Di Francesco Giuffré
con Giovanni Carta, Camillo Grassi, Massimiliano Mecca, Marta Nuti
Dall’8 al 20 maggio 2012
Teatro Argot Studio – Roma
In uno dei suoi più celebri romanzi, 1984., scritto nel ‘48, Orwell profetizza la catastrofe di un’umanità totalmente asservita al potere, talmente privata della sua personalità, della bellezza della diversità – che spesso si esprime con il dissenso – da divenire vuoto involucro, mero contenitore delle idee del partito, il Grande Fratello.
Francesco Giuffré, regista di 1.9.8.4. – La favola di W.S., rimane piuttosto fedele alla trama del testo e la traspone sulla scena con un’intelligenza e un acume da non sottovalutare, utilizzando artifici semplici, ma molto efficaci a livello emotivo, su una scena essenziale e strategicamente mutevole.
Sul palco, in alto, domina il grande occhio, che tutto vede e controlla, creando nello spettatore una sorta di imbarazzo, di senso di disagio.
Su un grande schermo vengono proiettate graziose immagini in bianco e nero, stile anni ’50, gremite di visi sorridenti e di persone in movimento. Seduti, davanti allo schermo, un uomo e una donna mugugnano ricordi appena udibili, intrecciati al suono di una musica leggera. I ricordi sono la nostra essenza. Poi tutto ammutolisce.
Arriva, trascinando un vecchio teatrino, un povero cristo nudo e piangente al quale basta ricevere un po’ di autorità per trasformarsi in un clown arrogante e cinico, ridicolo nel suo ruolo di dominatore: una sorta di burattinaio a servizio dei potenti, che muove le fila degli iscritti al Partito. Richiama alla mente l’arroganza del politico ignorante.
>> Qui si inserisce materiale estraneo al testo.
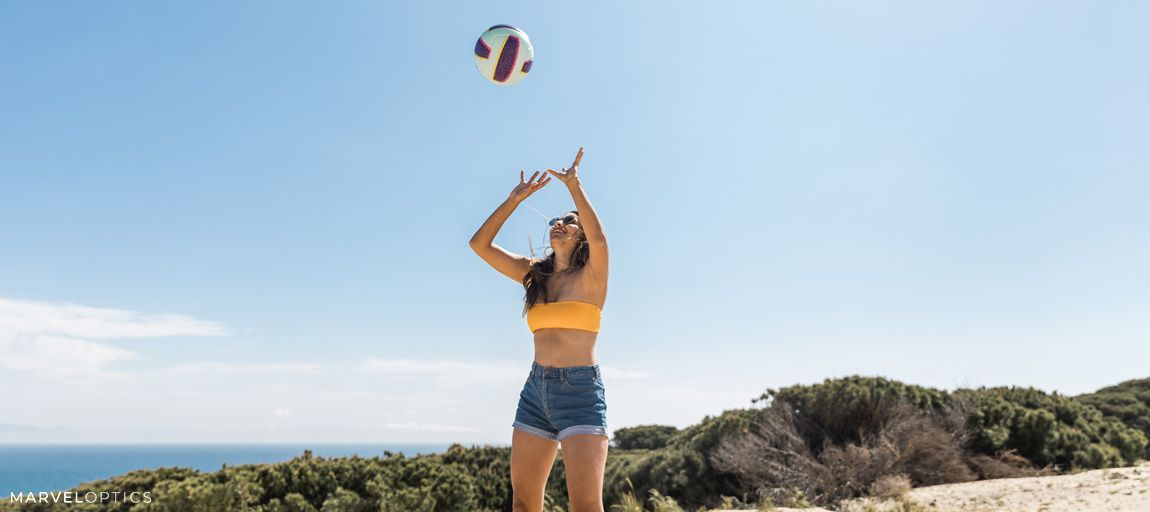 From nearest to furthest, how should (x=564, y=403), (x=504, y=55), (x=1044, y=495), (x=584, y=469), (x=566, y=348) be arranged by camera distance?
(x=584, y=469) < (x=564, y=403) < (x=566, y=348) < (x=504, y=55) < (x=1044, y=495)

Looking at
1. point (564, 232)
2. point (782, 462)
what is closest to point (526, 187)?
point (564, 232)

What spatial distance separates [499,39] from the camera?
497 centimetres

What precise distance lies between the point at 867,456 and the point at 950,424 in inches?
115

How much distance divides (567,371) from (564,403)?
15 centimetres

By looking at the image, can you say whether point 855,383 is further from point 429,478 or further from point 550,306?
point 550,306

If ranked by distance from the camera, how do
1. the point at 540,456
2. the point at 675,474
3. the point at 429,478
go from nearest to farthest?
1. the point at 540,456
2. the point at 429,478
3. the point at 675,474

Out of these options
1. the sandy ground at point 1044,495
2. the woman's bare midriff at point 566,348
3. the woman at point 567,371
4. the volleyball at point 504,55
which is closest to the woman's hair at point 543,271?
the woman at point 567,371

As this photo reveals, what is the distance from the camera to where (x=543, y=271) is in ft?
12.2

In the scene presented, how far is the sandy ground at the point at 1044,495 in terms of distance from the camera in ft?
26.1

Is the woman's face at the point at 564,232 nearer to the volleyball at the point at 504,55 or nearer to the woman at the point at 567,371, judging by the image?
the woman at the point at 567,371

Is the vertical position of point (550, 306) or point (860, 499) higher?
point (550, 306)

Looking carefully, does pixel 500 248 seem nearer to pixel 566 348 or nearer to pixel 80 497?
pixel 566 348

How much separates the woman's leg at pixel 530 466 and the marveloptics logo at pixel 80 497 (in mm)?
7836

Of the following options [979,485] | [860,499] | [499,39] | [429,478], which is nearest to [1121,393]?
[979,485]
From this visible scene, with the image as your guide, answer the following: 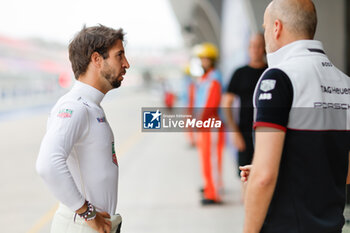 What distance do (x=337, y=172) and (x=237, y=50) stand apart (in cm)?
676

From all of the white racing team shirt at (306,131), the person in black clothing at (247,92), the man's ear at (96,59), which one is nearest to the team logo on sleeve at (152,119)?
the man's ear at (96,59)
Ieri come oggi.
I membri applaudono, gridano di rabbia (solo 2 minuti, cronometrati, di aggressivi gesti al rallenty), pregano, lavorano a comando, in una sincronia perfetta di movimenti e suoni, come dei robot, degli automi mirabilmente addestrati a essere servi, passivi strumenti a servizio della casta, che sguazza nell’eterno disprezzo dei prolet, la massa. Il loro linguaggio è fatto di slogan (La guerra è pace, la libertà è schiavitù, l’ignoranza è forza!). Niente che abbia un’anima, nemmeno la lingua, deve rimanere in vita. Occorre ridurre al massimo la psicologia del pensiero. Ovviamente, lo psico-reato è il peggior crimine che si possa immaginare.
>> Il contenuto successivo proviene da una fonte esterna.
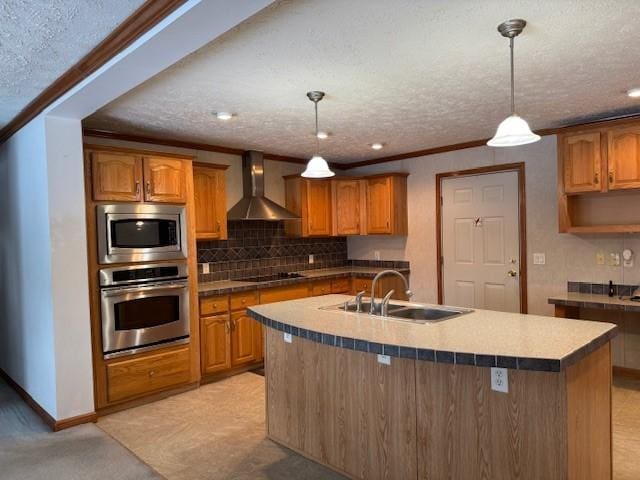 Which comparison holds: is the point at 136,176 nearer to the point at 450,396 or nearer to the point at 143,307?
the point at 143,307

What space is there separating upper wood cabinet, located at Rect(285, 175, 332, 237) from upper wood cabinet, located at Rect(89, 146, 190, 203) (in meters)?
1.82

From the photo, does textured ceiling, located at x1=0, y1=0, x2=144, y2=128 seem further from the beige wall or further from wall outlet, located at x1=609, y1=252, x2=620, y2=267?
wall outlet, located at x1=609, y1=252, x2=620, y2=267

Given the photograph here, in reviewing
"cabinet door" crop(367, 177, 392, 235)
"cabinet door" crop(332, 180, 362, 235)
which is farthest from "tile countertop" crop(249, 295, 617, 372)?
"cabinet door" crop(332, 180, 362, 235)

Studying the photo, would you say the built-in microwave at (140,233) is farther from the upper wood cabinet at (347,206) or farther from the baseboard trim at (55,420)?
the upper wood cabinet at (347,206)

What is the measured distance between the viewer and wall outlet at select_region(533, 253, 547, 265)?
465cm

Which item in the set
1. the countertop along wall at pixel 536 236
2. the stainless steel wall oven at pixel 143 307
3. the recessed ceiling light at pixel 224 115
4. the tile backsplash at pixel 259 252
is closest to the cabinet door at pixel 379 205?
the countertop along wall at pixel 536 236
Winston lavora al Ministero della Verità, reparto Mistificazione della Realtà. Di giorno censura e altera i fatti, per farli corrispondere a quelli dettati dal Partito. Tuttavia, dentro di sé, la mente non si è spenta, è una lanterna fioca che non vuole morire. Il suo cuore palpita per la bella Giulia. Ha ancora dei ricordi, seppur vaghi e orribili, della sua famiglia d’origine.
Ma cosa può l’amore di fronte all’annientamento delle coscienze? Potrà mai un principio salvare l’umanità da questo inganno? Il complotto non può avere spazio nel progetto utopistico di una società senza cervello, senza linguaggio, senza corpo.
La stanza 101, quella della tortura, ci lascia intuire che per la libertà c’è sempre un caro prezzo da pagare, oggi come allora. Ci aggrappiamo tenacemente al pensiero di Winston, nella speranza che la previsione di Orwell non si avveri, non si sia già avverata. Non possono entrare dentro di te. Se riusciamo a combattere per salvare la nostra dignità, saremo riusciti a sconfiggerli.